## [To do]
The lines from the one containing "TOYOTA HILUX SPORTS" through the last one in the data: please copy those exactly, and only those, without the pictures.

## [Given data]
-------------------------
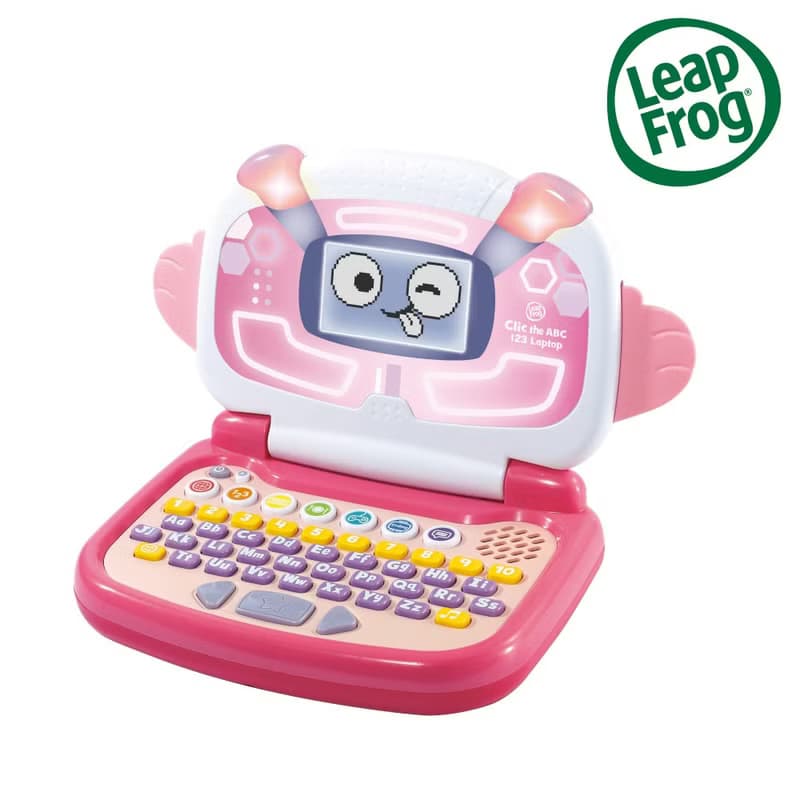 快速僅限寄送台灣【LeapFrog】哈囉小筆電-兩色可選-US美式發音版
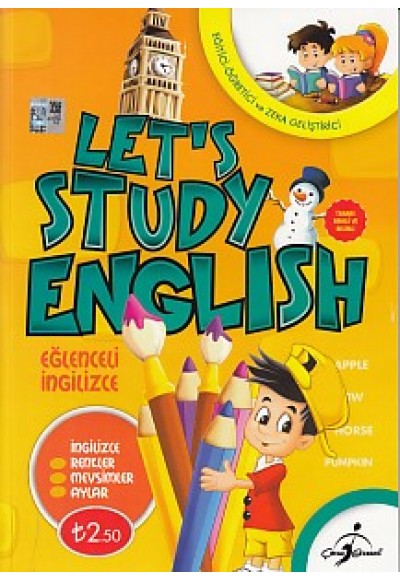 Let's Study English - Renkler - Mevsimler - Aylar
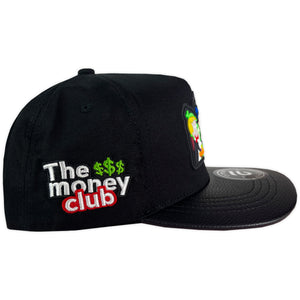 GORRA LA OFFICE MONEY CLUB BLACK
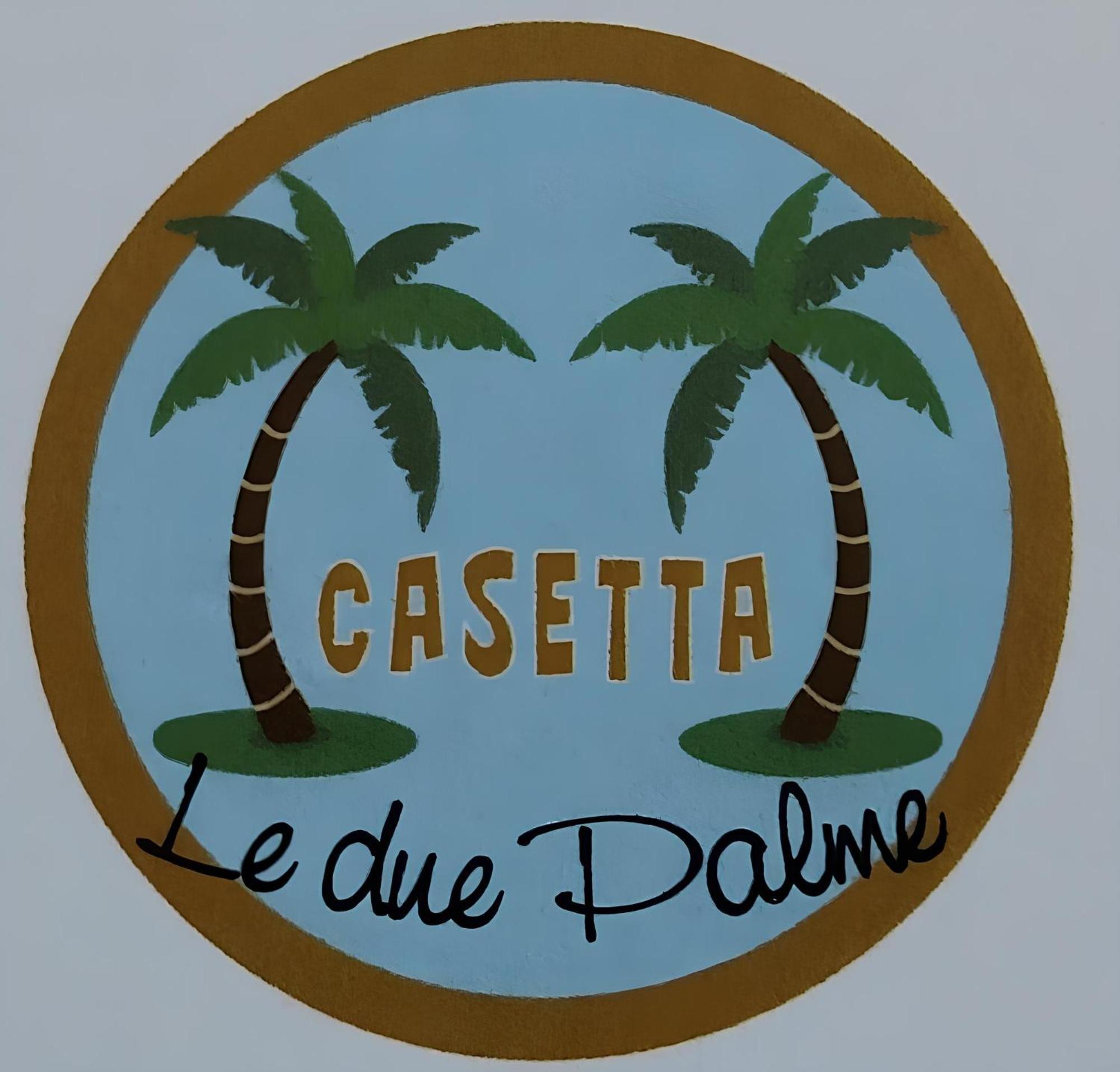 Casetta "Le Due Palme" Castellammare del Golfo Luaran gambar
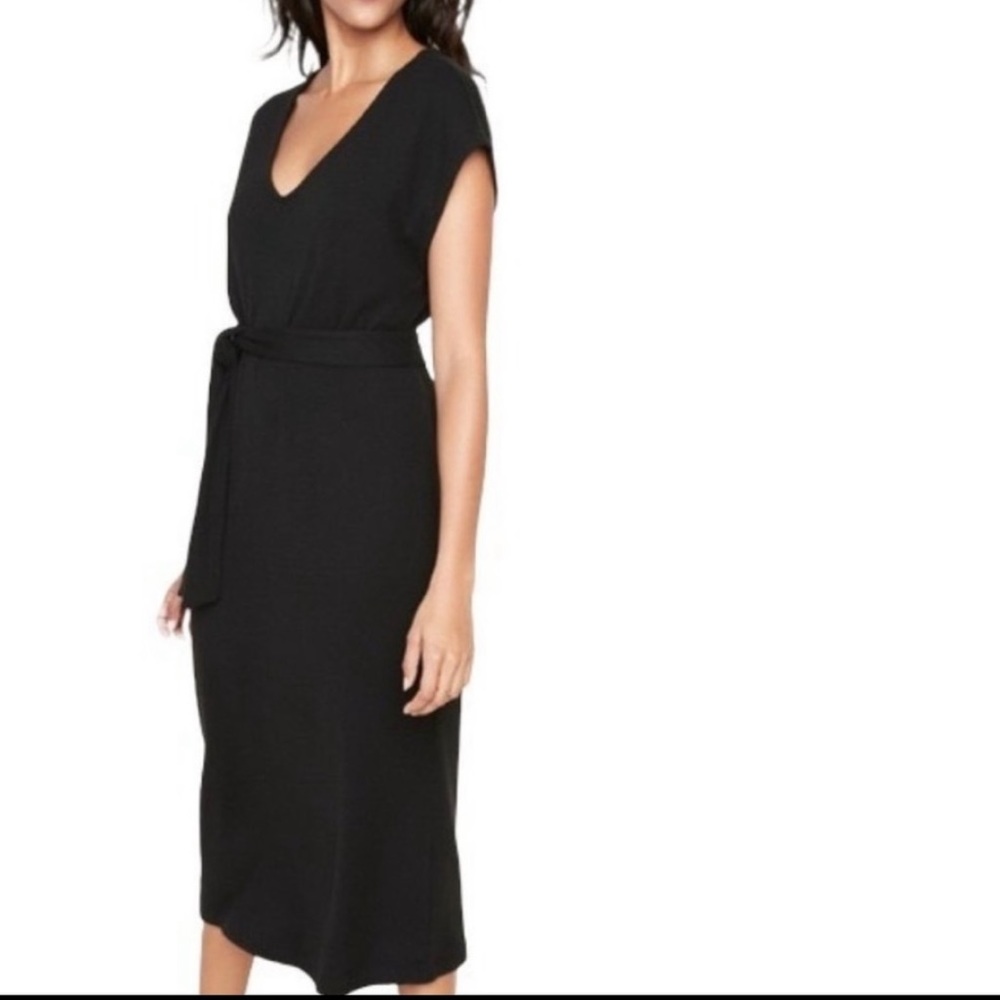 NWT Old Navy Tie Waist MIDI Dress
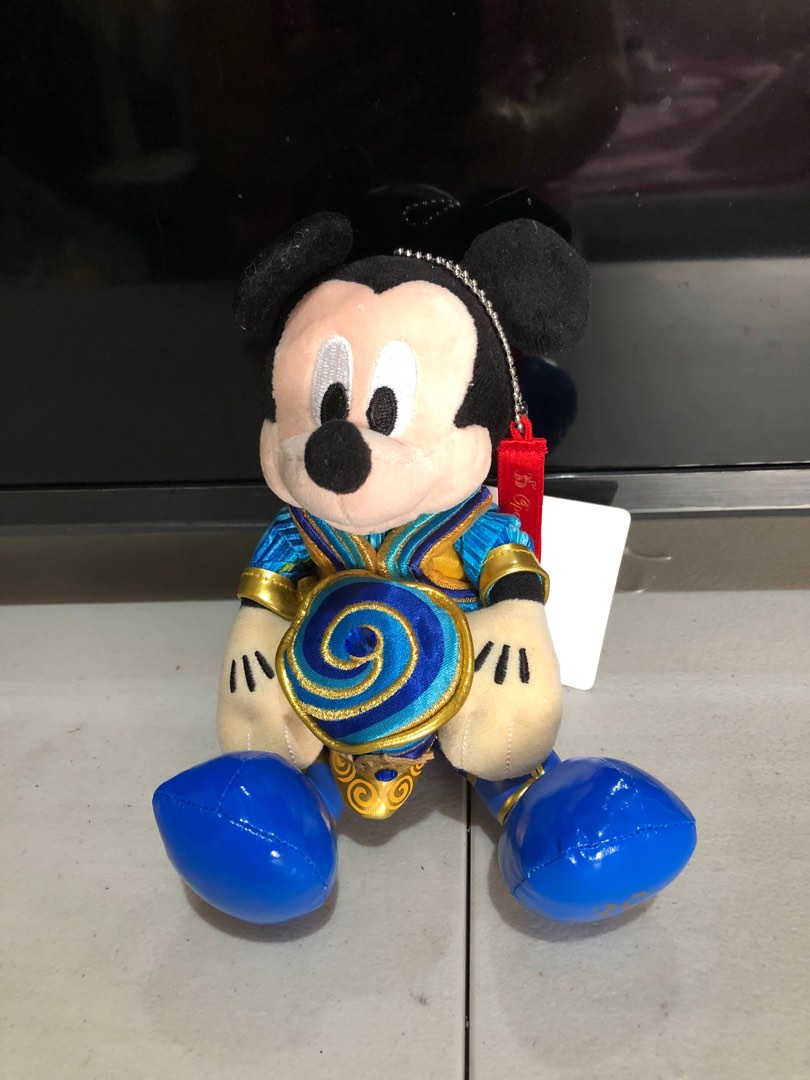 Disney Mickey Plush Charm, Hobbies & Toys, Toys & Games on Carousell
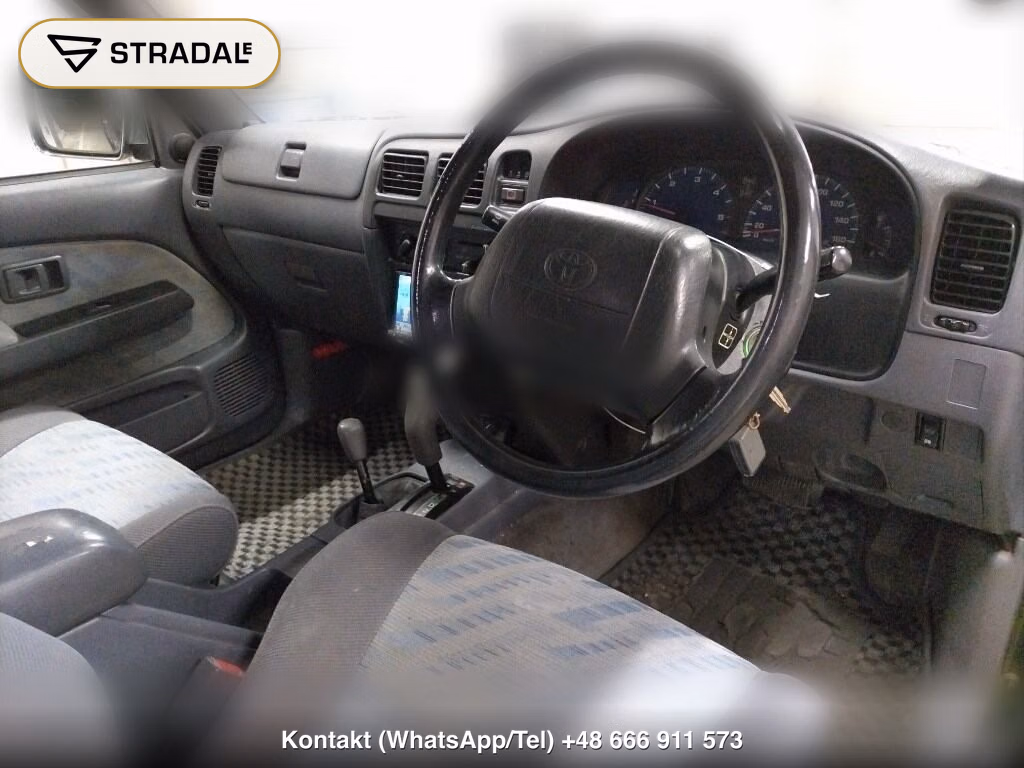 TOYOTA HILUX SPORTS PICK UP 2D 4WD EXTRA CAB, miniaturka 4
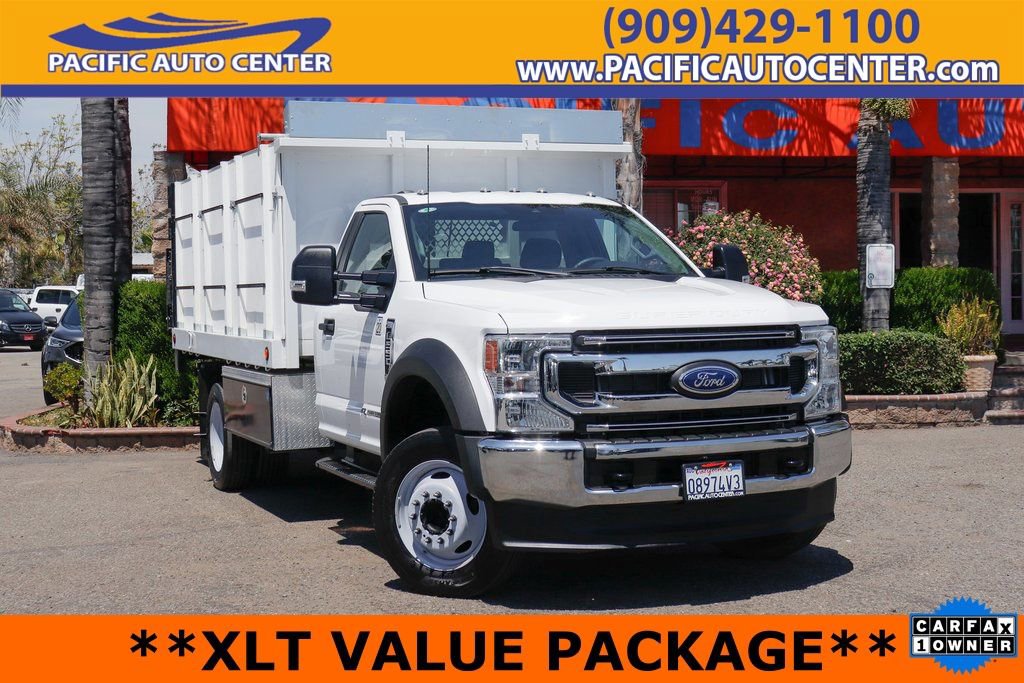 Used 2022 Ford F550 2WD Regular Cab Super Duty w/ XLT Value Package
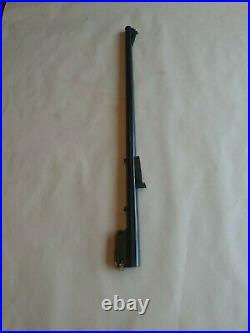 Thompson Center Arms 17 HMR. 21 rifled blued Barrel with sights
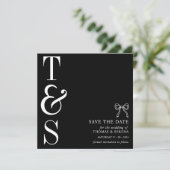 Flachkarte Save the Date (Stehend Vorderseite)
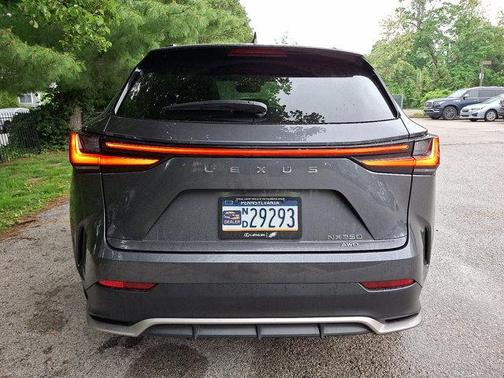 2022 Lexus NX 350 F SPORT Handling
-------------------------
## [Task answer]
 TOYOTA HILUX SPORTS PICK UP 2D 4WD EXTRA CAB, miniaturka 4
 Used 2022 Ford F550 2WD Regular Cab Super Duty w/ XLT Value Package
 Thompson Center Arms 17 HMR. 21 rifled blued Barrel with sights
 Flachkarte Save the Date (Stehend Vorderseite)
 2022 Lexus NX 350 F SPORT Handling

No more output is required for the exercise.